_Exercise_
The needed output is the run of lines below from the one containing "Suíte com banheiro" through the one containing "Apartman 2+Kk, 50", copied exactly and free of pictures.

_Data records_
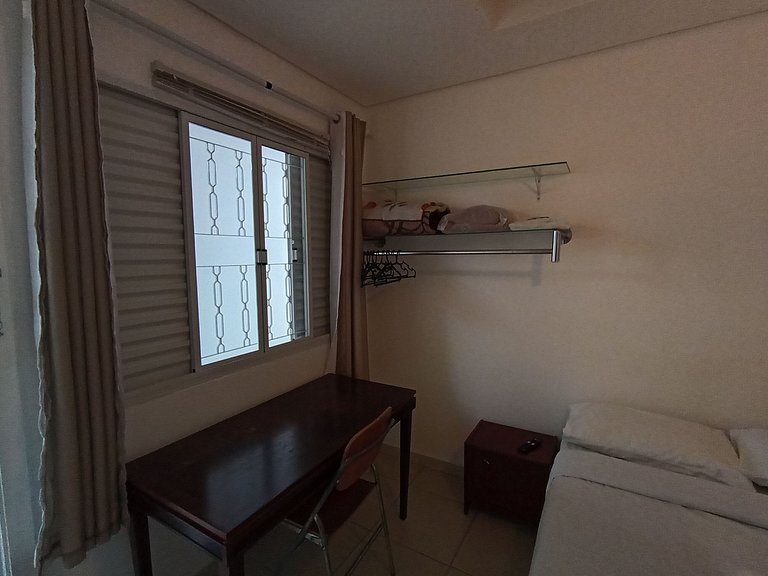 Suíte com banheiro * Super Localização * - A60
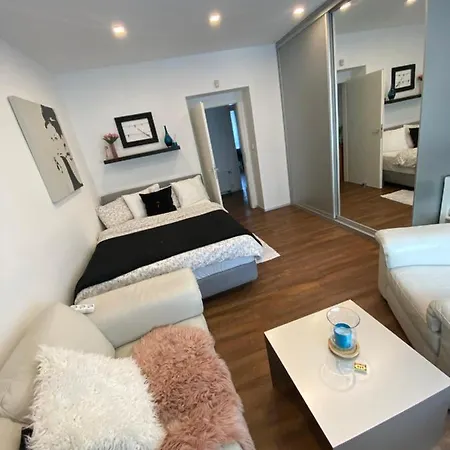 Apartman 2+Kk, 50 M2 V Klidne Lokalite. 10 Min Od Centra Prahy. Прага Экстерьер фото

* * *

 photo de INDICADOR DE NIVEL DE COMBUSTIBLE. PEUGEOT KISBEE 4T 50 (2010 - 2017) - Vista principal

_Written solution_
 Suíte com banheiro * Super Localização * - A60
 Apartman 2+Kk, 50 M2 V Klidne Lokalite. 10 Min Od Centra Prahy. Прага Экстерьер фото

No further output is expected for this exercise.